È divenuta ormai consuetudine che ogni nuova produzione del Festival di Bayreuth vada in scena con nomi diversi da quelli annunciati: così questo Lohengrin non ha come interprete Roberto Alagna, ma Piotr Beczala, e come regista non il lettone affermato Alvis Hermanis, ma il giovane americano Yuval Sharon. Dunque a Bayreuth sono in arrivo i divi internazionali (e anche le dive, se è vero che l’anno prossimo passerà di qui Anna Netrebko) della lirica e ciò fa sì che per alcuni aspetti questo festival tenda ad assomigliare sempre più ad altri. Ma rimane anche terreno per sperimentazioni, come nel caso di Sharon che a Los Angeles ha il suo gruppo teatrale e allestisce spettacoli in luoghi diversi dal teatro. Il pubblico dei fedeli di Bayreuth era curioso di vedere se il nuovo Lohengrin avrebbe battuto in audacia il «Lohengrin dei topi» di Neuenfels che ha tenuto banco per anni nelle conversazioni al ristorante, in albergo, al Biergarten o al parco, a due passi dalla tomba di Wagner.

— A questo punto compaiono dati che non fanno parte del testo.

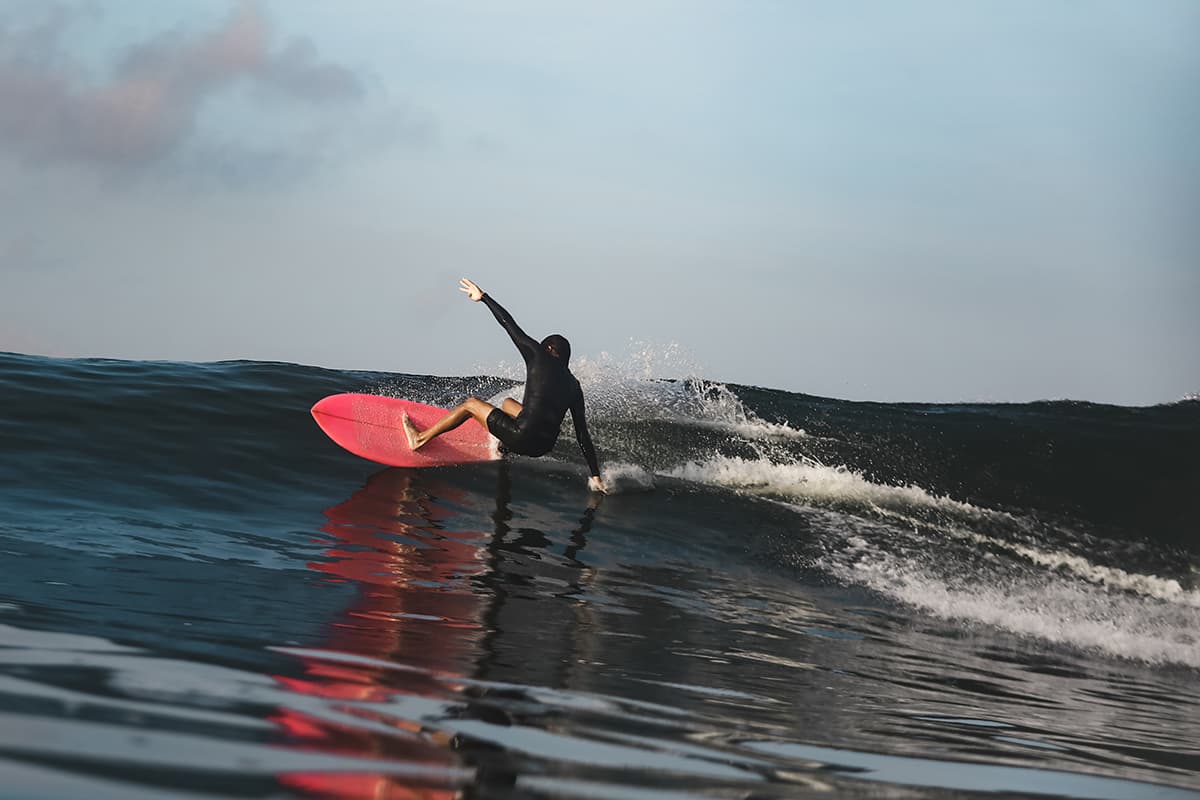 surfing di pantai area canggu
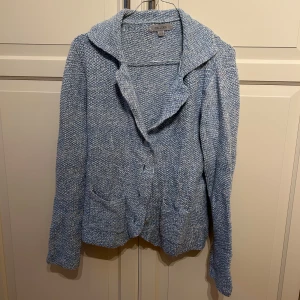 Blå stickad kavaj från Cellbes - Mysig blå stickad kavaj från Cellbes i storlek 38/40. Perfekt för höst och vår med sina långa ärmar och knappar framtill. Den har en avslappnad passform och är superbekväm att bära. Perfekt för både vardag och lite finare tillfällen. 💙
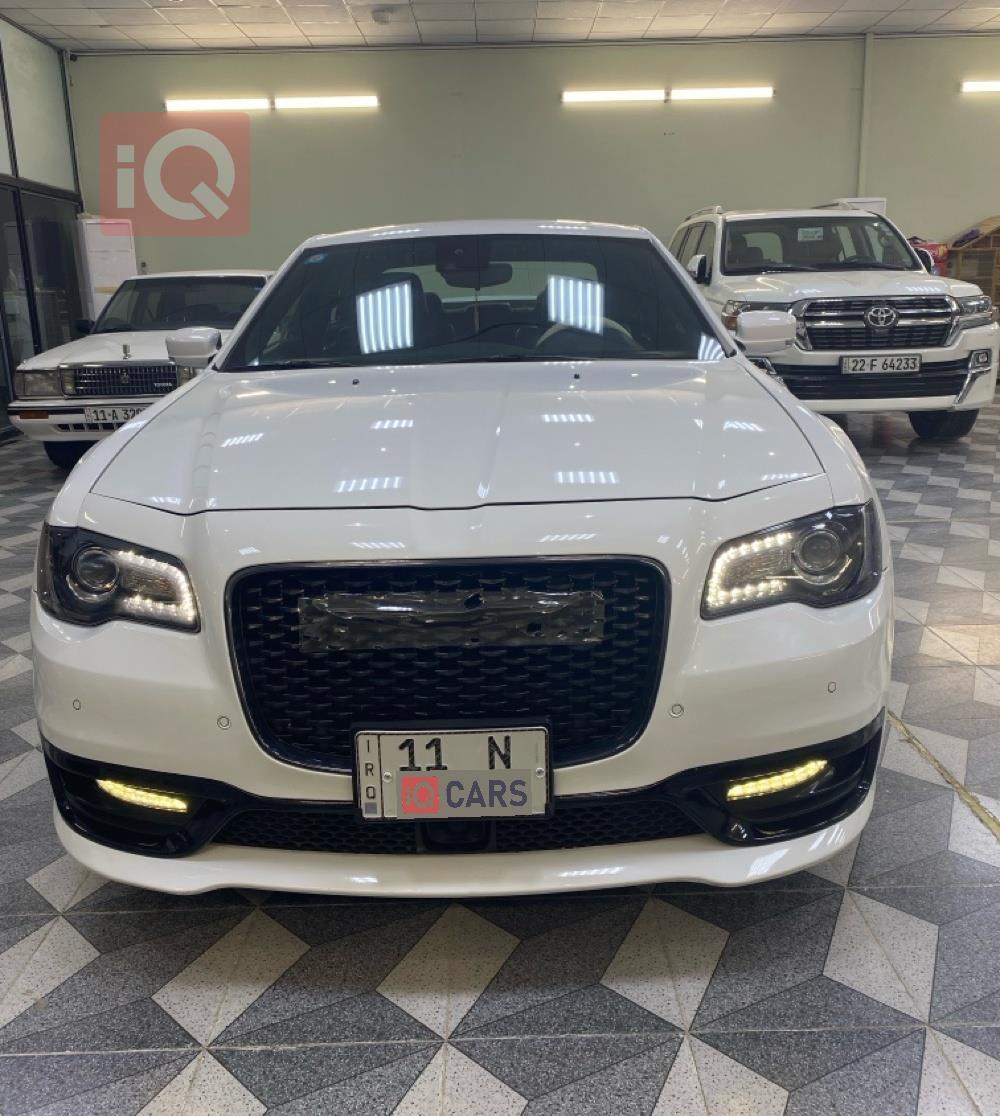 کرایسلەر 300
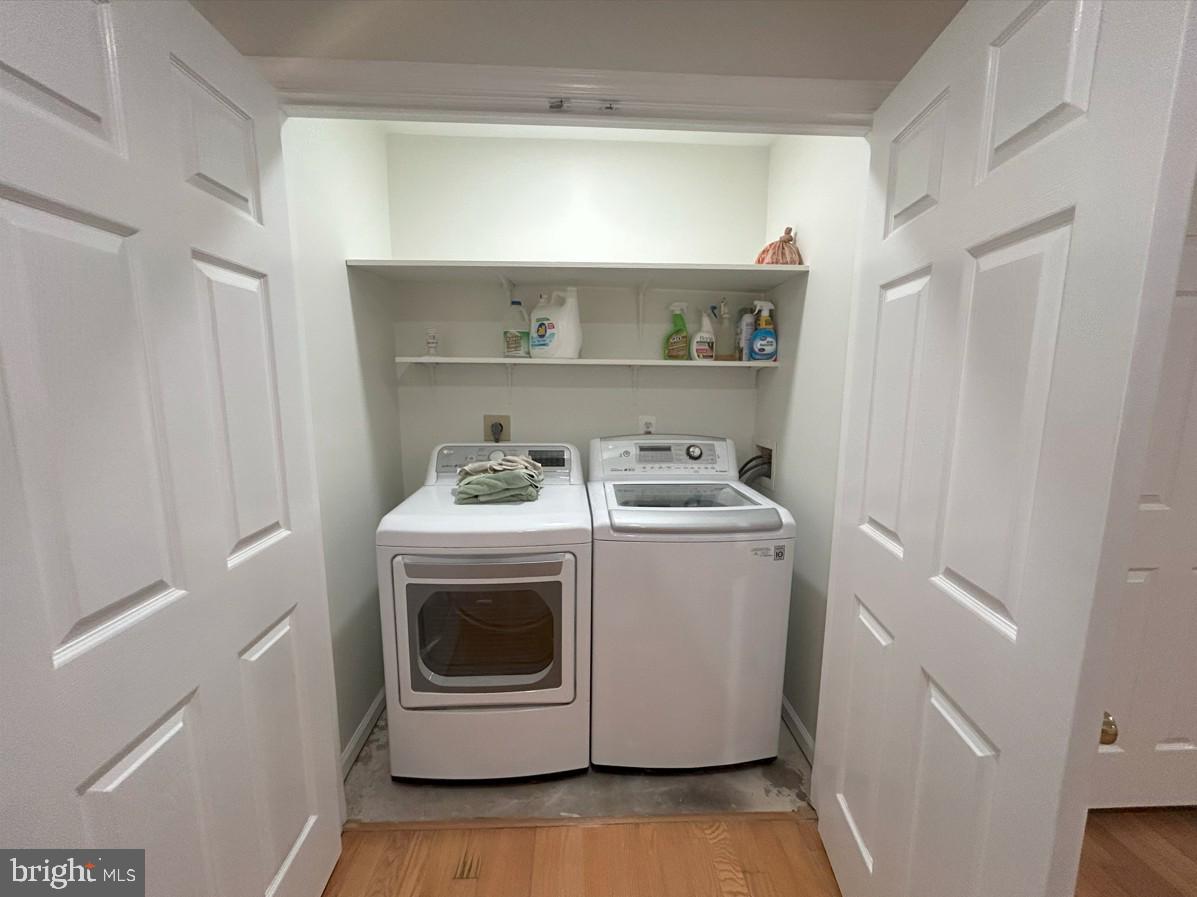 LEE OVERLOOK - Residential Lease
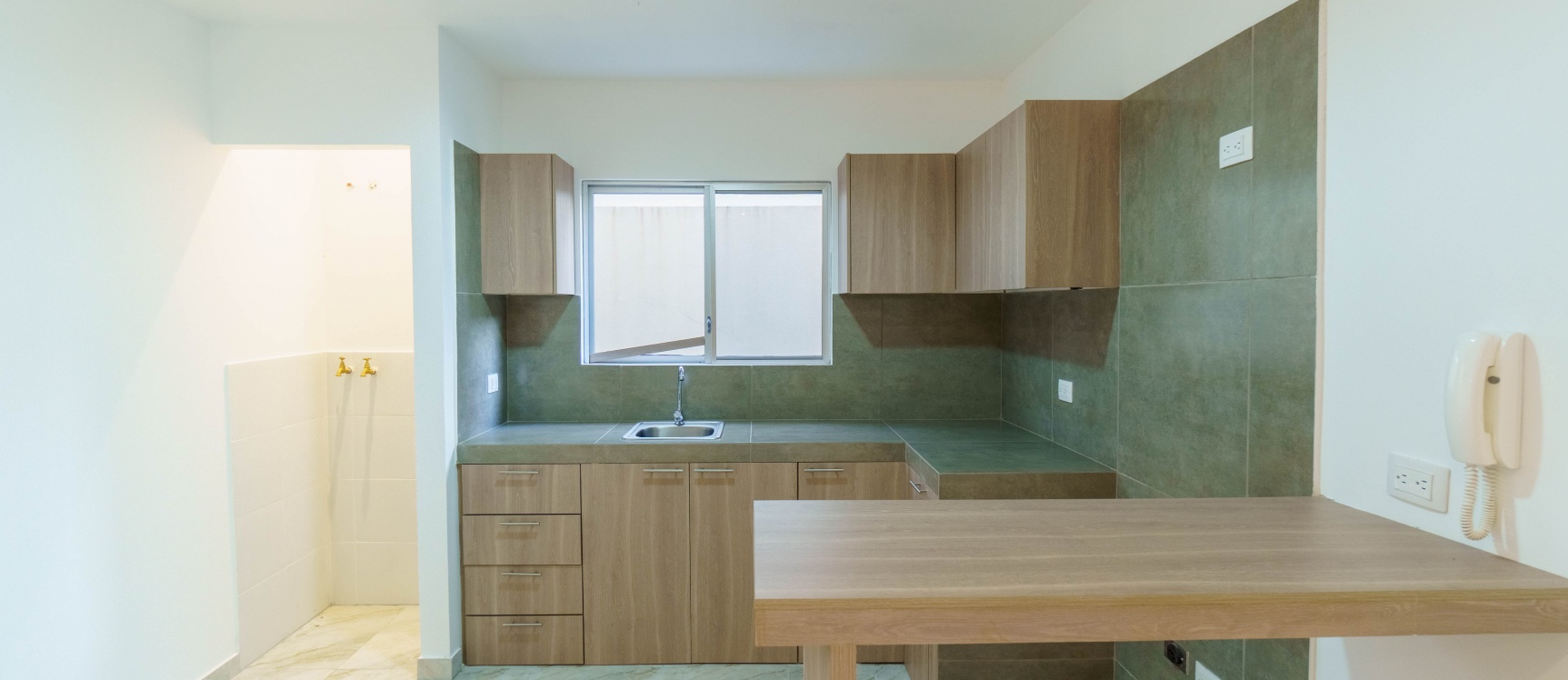 Suite planta baja con patio en venta, Kennedy Norte GeoBienes - Suite planta baja con patio en venta, Kennedy Norte - Plusvalia Guayaquil Casas de venta y alquiler Inmobiliaria Ecuador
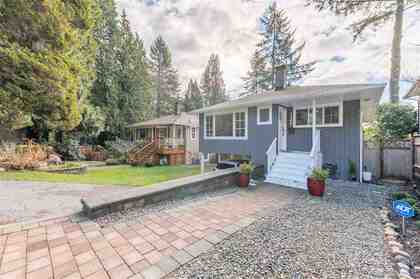 1345-dyck-road-lynn-valley-north-vancouver-02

Ricordando che Wagner compose Lohengrin negli anni rivoluzionari delle barricate di Dresda che lo portarono a fuggire con Bakunin verso un lungo esilio in Svizzera, il regista si inventa che la comunità brabantina attraversi un momento di declino a causa della mancanza di elettricità e che in Lohengrin s’incarni il salvatore, cioè il portatore d’elettricità. La scena è dunque buia, su toni che dal celeste trascorrono al blu notte. E in tuta celeste da operaio (ma con il fulmine in mano, a mo’ di Zeus o moderno Prometeo) si presenta Lohengrin, senza navicella e senza cigno, vicino agli ideali di un Lenin, che – ci informa il regista – volle anche lui elettrificare la Russia. L’arrivo dell’elettricità sulle rive della Schelda è sancito dall’irruzione in scena di un vivissimo color arancio che squarcia il blu della tenebra fondamentalista, poiché oscurità e oscurantismo vivono a braccetto nel ducato di Brabante fino all’arrivo di Lohengrin.
Le scene e i costumi sono opera di due pittori, Neo Rauch e Rosa Loy, che sembrano ispirarsi al mondo delle fiabe, mondo al contempo infantile e terribile. In questa visione la donna è demonizzata e Ortrud non è poi così cattiva, anzi aiuta Elsa a liberarsi dalla sudditanza nei confronti del maschio oppressore. Lohengrin infatti nonostante le sue qualità di leader, in privato è un qualsiasi prepotente che non tollera dinieghi in camera da letto. Elsa liberata, divenuta forte e pronta ad affrontare il mondo, avrà da Lohengrin il dono dell’elettricità che viene negata al popolo di Brabante, ma sarà un dono nuovo, una nuova energia, pulita ed ecologica, che ha le fattezze del fratellino perduto, il Gottfried tutto verde e luminoso che l’accompagna nel finale.
I personaggi principali sono muniti di ali da insetti e il rapido duello fra Lohengrin e Telramund si svolge nell’aria, con gran divertimento del pubblico. Il cast offre due splendide interpreti femminili, la fremente Anja Harteros, che con Elsa ha una lunga frequentazione, e la grande Waltraud Meier, che con Orturd fece il suo debutto sulle scene. Beczala propone un Lohengrin «all’italiana», forte del fatto che proprio questa è considerata l’opera più «italiana» di Wagner. Georg Zeppenfeld è un re Enrico potente e convincente, mentre il Telramund di Tomascz Konieczni è ridotto a una sorta di macchietta del «cattivo» di turno. Christian Thielemann sigla un primo preludio monumentale e religioso, firmando un Lohengrin meno passionale, all’insegna della classicità.
L’altro evento che caratterizza il festival è la ripresa di Die Walküre con la novità della direzione musicale affidata a Placido Domingo, che quasi vent’anni fa è stato Siegmund sul palcoscenico del Festspielhaus. È un’occasione per ritrovare uno splendido tassello della produzione del Ring di Castorf, che non finisce mai di affascinare. Il resto è noto: Domingo è stato buato alla «prima», Bayreuth non concilia.